Mac vs. PC for Stability

Two of the several computers I own is the original PowerMac G5 1.8GHz, as well as an AMD 64 3200 home built PC. Both these machines uses two 7200 rpm SATA IDE hard disk drives. I am busy doing an FTP from the Windows machine connected to the G5, retrieving a 22GiB file.

Both CPU's are running at approximately 80%, and the network utilization is a constant 18MBps. The interesting thing is that after 3 minutes of copying the PC started making 1 second interval beeps on the internal speaker. This is the thermal warning function built in to the Gigabyte motherboard when the temperature exceeds 70C. The statement I want to make is that the G5's fans are all idling slowly, the system is completely cool and way within spec. I cannot really see any thermal difference to the normal state. Luke warm air is being expelled from the rear fans. However, the AMD is overheating. The hard disk drives are so hot you can boil eggs on them.

The reason? The G5 was designed with thermal considerations in mind from the very beginning. The PC however, received no such attention. You may argue that the G5 costs 5 times as much, but then again PC manufacturers had more than 20 years to get the thermal design of a simple mini tower correct. How difficult can it be to design a case that has good thermal properties? The basic principle is simple - you need to suck in fresh, cool air, let it pass over all hot components internally, and gently blow out the hot air on the other side of the case. This is exactly the same principle used in cooling towers of power plants.

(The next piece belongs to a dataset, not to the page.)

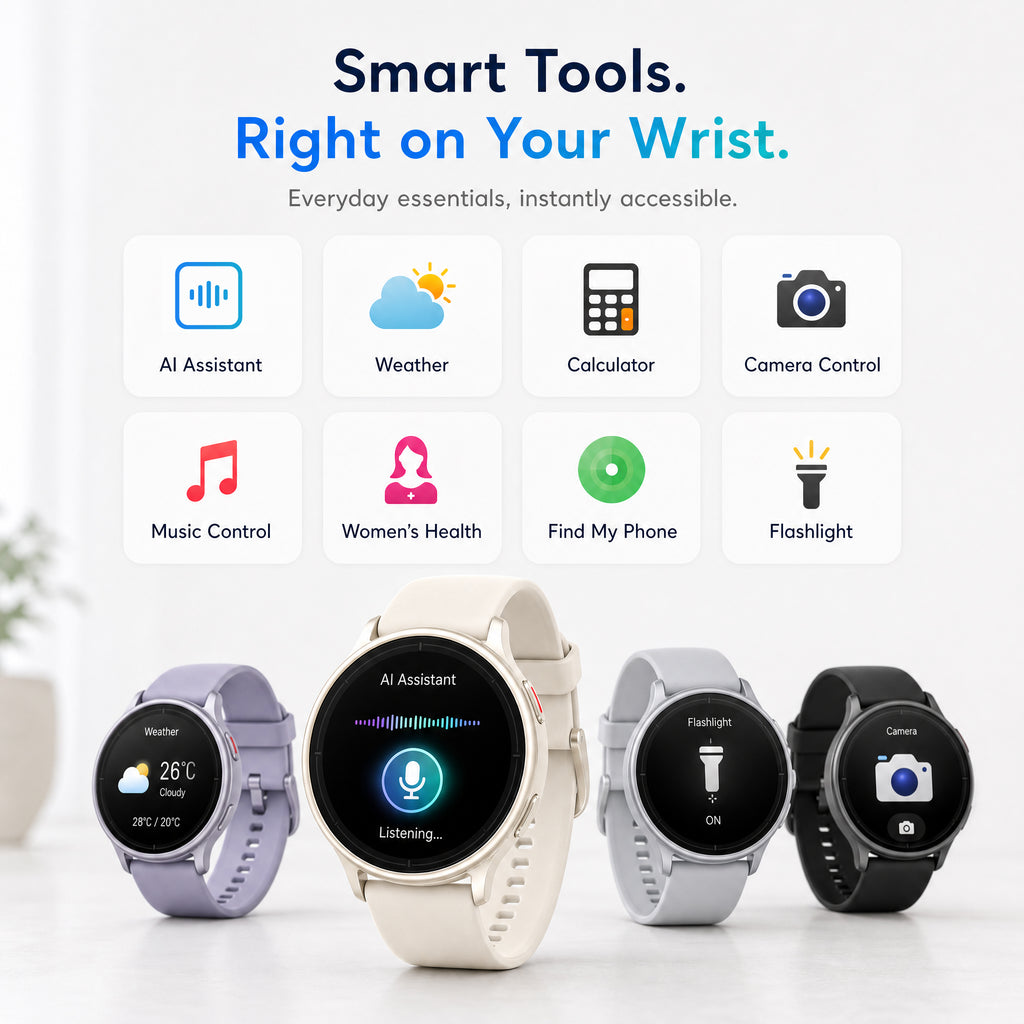 BlazeChip Smart Watch for Women (Answer/Make Call), 1.65" HD Fitness Tracker with Heart Rate/SpO2/Sleep Monitor, Pedometer, 110+ Sports Modes, 3ATM Waterproof, 7-Day Battery, for iOS Android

It will cost about R100 more to build a standard PC case that is thermally well designed. Is that too much to ask? I know you can buy a Dell and away goes the problem, but how many people uses Dell's for their desktops?

I will never buy a component PC again. Next time will be either another Mac, or a Dell.

[Update] 1 minute after I wrote this article - the AMD has just died. One long continuous beep and then the system shut down. A quick look in the BIOS confirmed my postulations - the CPU is at 96C.